Helen Stokes-Lampard, the RCGP Chair missed the opportunity to tell it as it is on BBC1 this morning. She skied graciously away from party politics, but failed to say that:
There is no NHS – and talking only about England is belittling, especially when Wales is so bad.
The WHO agrees with the above.
That standards of access to care are appropriate for different individuals. The “cry Wolf” person/family is treated differently appropriately: But also people in work have a right to attend a doctors appointment.
Evening and weekend surgeries are all very well for large practices, but not for smaller and rural ones, and especially in areas of high unemployment. Having “access” does not mean these appointments are used properly… are GPs going to be allowed to exclude the unemployed and retired from these surgeries?
Patients receiving a “free” service where nothing is “excluded” will doubtless indicate they want more of everything.
The Health services have to be honest about what is not going top be available, and that includes, for the next 10 years, enough diagnosing doctors.
Working people get a worse GP service because they cannot get convenient appointments, NHS England claims.

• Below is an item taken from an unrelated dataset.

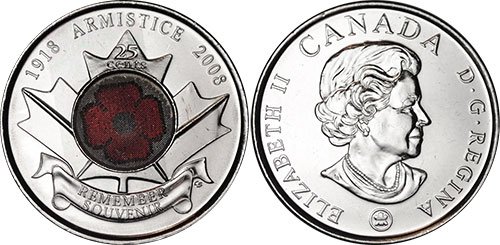 25 cents 2008 Armistice Remember Poppy Canada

MPs also claim that patients in some areas find it hard to see a doctor because some surgeries close during working hours for no good reason.
The public accounts committee (PAC) criticises family doctors for erratic opening hours at the same time as warning that ministers are pressing ahead with out-of-hours appointments while failing to understand the problem. Taxpayers risk paying too much for evening and weekend appointments because they are 50 per cent more expensive than the out-of-hours services they are duplicating, a report published today claims.
A political row erupted earlier this year when Theresa May ordered GPs to open at evening and weekends, blaming those who did not for fuelling a winter crisis in A&E. She pointed to figures from the National Audit Office showing that almost half of surgeries close between 8.30am and 6pm. One in five close for at least one afternoon a week, rising to three quarters in some areas.
Higher A&E attendances were linked to surgeries with shorter opening hours.
Meg Hillier, chairwoman of the PAC, said that afternoon closing was a “ historical remnant” that had become normalised in some regions. She said: “If you can’t see your GP you are more likely to attend A&E and suffer poorer health outcomes. So we need to have GPs open at the right times.”
Three quarters of surgeries that are paid to offer evening and weekend appointments close during the working day. Ms Hillier said: “Staying open during core hours would be a cheaper way of providing more contact time with GPs than providing extended hours.”
Rosamond Roughton, of NHS England, told the committee, however, that they were prioritising out-of-hours appointments because people with jobs found it so hard to see a doctor.
“If you are in work and aged between 18 and 50, you will have a worse experience of general practice,” she said. “The older you are, the better your experience of general practice is. In terms of convenience of appointments, working-age people find it much harder to get an appointment.”
Chaand Nagpaul, chairman of the GP committee of the British Medical Association, said that there was an acute shortage of family doctors.
He said: “In this climate, it is inevitable that despite the continued hard work of NHS staff, there are not enough appointments being delivered to patients.”
An NHS England spokesman said: “Seventeen million people now have access to GP appointments at evenings and weekends and the public are clear that they want this across England. Directions have been issued which mean that practices that shut for half-days each week will lose their share of the £88 million enhanced-access scheme.”